もっとも3日目までは、スイングがばらつき「本当に良かったのか・・・。今週は、あまり大きなものは望めないかもしれない」。弱気もかすめたが、それも最終日に吹っ切れた。
スプーンを握った9番のティショットは「今日一番。今までにないくらい速いスピードで、体が回転した。最高のタイミングでインパクトを迎えられた」という。さらに折り返しの10番のティショット。330ヤード超のビッグドライブは、「まさしく、素振りのように打てた」と、手応えを掴み、さらに11番で、この日2度目の3連続バーディを奪って一気に下位を突き放した。
前半は4番に続き、5番でマウンド超えの、10メートルの長いバーディトライを決めるなど、たとえショットに精彩を欠いたホールでも、近ごろとみに練習量が増え、練習法も工夫を凝らした小技で補った。6番でもバーディを決めて、最初の3連続で弾みをつけて、逃げ切った。
御殿場は4年目の挑戦で、ドライバー以外のクラブで攻めるシーンが格段に増えたのは「コースの怖さを知ったから」。それを克服する技もたずさえて、ベストアマチュア賞に輝いた2007年の初出場から確かな成長のあしあとを印したツアー通算9勝目となった。尽きることのない向上心と、勝利への執念で逆転の賞金王へと、望みをつないだ。
開幕前日は10日水曜日のプロ・アマチャリティ戦で、チームを組んだ元プロ野球の桑田真澄さんが言った言葉が改めて、胸に響く。

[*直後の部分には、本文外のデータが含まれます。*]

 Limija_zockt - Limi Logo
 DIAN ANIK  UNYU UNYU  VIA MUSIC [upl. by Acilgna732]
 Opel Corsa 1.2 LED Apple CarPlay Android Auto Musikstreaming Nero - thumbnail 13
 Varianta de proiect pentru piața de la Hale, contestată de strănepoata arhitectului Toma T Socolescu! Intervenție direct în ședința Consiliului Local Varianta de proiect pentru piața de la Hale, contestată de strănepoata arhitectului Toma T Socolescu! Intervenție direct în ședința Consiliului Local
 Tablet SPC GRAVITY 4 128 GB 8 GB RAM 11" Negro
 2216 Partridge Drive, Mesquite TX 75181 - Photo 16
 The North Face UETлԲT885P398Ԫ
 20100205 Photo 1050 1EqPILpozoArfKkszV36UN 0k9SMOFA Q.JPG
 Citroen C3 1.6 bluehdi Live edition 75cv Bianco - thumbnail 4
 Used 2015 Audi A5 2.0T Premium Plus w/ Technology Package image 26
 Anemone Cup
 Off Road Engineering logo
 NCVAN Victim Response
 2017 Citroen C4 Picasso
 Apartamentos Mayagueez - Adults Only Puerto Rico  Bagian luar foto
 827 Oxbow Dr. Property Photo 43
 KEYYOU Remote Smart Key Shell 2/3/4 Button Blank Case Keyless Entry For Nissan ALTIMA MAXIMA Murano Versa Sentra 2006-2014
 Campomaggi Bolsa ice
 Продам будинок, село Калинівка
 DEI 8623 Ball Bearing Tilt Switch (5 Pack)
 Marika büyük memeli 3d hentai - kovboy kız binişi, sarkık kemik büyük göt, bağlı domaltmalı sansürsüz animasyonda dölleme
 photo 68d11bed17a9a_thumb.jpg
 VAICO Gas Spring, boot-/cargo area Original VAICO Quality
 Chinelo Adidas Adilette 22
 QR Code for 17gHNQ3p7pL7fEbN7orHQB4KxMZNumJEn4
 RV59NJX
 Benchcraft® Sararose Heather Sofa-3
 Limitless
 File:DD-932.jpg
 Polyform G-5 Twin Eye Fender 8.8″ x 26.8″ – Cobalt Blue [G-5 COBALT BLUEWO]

「日々進化を求めながら、なおかつ結果を出すのが真のスーパースター」とは、まるでこの日を予言していたかのようだ。
本人も「今日のようなゴルフが出来れば、また優勝できる」と、この1勝で自信も深まった。
19歳のヒーローが、また新たな伝説を作ろうとしている。今年もまたこの富士の裾野から、頂上へと続く一本の登山道が、くっきりと見えはじめている。